Among all these portraits, Behar’s tastefully weaves her doubts and joys. Ironically, a theme raised but left unexamined is one of Behar’s own, what she calls her Fidel–phobia. The disdain she holds for Castro and communism, left largely unaddressed, remains as an undertow within her book. Her pounding heart before Castro and subsequent swooning at the communist rally, the loss of property that led to her family’s departure, and the fear her mother ingrained in her of being brainwashed by radicals, create a dark subtext that remains elusive throughout the book. What does she want to say to Fidel? Would a non–communist Cuba stem the tide of Jewish emigration, bring expatriates home and revitalize the culture, fulfilling the hopes that she and the remnant hold? Or, does her fear of brainwashing suggest some reluctant agreement with certain Communist ideals? The latter certainly seems suggested by her frequent mention of the lack of anti–Semitic sentiment on the island. Finally, what exactly did families such as hers go through when the Communists took over? These tensions seem to be a large part of Behar’s impetus to find Cuba and are therefore worthy of exploration, but perhaps those questions are for the next book.

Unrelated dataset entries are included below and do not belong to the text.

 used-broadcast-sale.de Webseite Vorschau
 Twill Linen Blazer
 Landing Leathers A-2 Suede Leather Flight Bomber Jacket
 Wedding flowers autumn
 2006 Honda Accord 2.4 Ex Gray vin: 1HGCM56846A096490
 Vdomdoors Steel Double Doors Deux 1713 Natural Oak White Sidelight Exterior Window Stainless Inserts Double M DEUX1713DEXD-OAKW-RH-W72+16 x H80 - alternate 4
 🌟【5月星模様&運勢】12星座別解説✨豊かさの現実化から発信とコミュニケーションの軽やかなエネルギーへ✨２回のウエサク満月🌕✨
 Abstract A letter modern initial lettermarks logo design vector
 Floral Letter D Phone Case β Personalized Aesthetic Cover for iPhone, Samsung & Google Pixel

Those who wish to explore An Island Called Home will find a rich landscape. Though it was published as a memoir, the label is imprecise. An Island Called Home is less a biographical account of a lifelong experience than a personal take on a historical narrative. But, this does not mean that Behar’s work here is not literature. It is, in fact, literature that opens opportunity for inter–disciplinary and cross–genre study. An Island Called Home is a narrative rife with imagery, symbolism, metaphor and characters. For teachers of literature, language, and culture, this book will be a rewarding adventure. For history instructors, An Island Called Home is a great opportunity to push the canon and read about the little–studied Jewish–Cuban history within the larger narrative of worldwide Jewish culture. Moreover, Behar’s ability with character sketches will bring history to life and engage students and instructors.
Most importantly, within her own field of anthropology, Behar successfully pushes the boundaries of traditional, dry qualitative format without abandoning her dedication to scientific quality. If art imitates life, then Behar’s artful approach is most appropriate for the study of the living. The human struggle is one of unresolved tensions, and An Island Called Home is a work of realism that never lets up on this focus. From the vacillating tone of her introduction to the final chapters, Behar strikes a fine balance between qualitative, scientific research and personal/cultural narrative that will surely lead the field in an exciting, fulfilling and insightful direction.
References:
Tuchman, B. (1980). The Book. Washington: Library of Congress.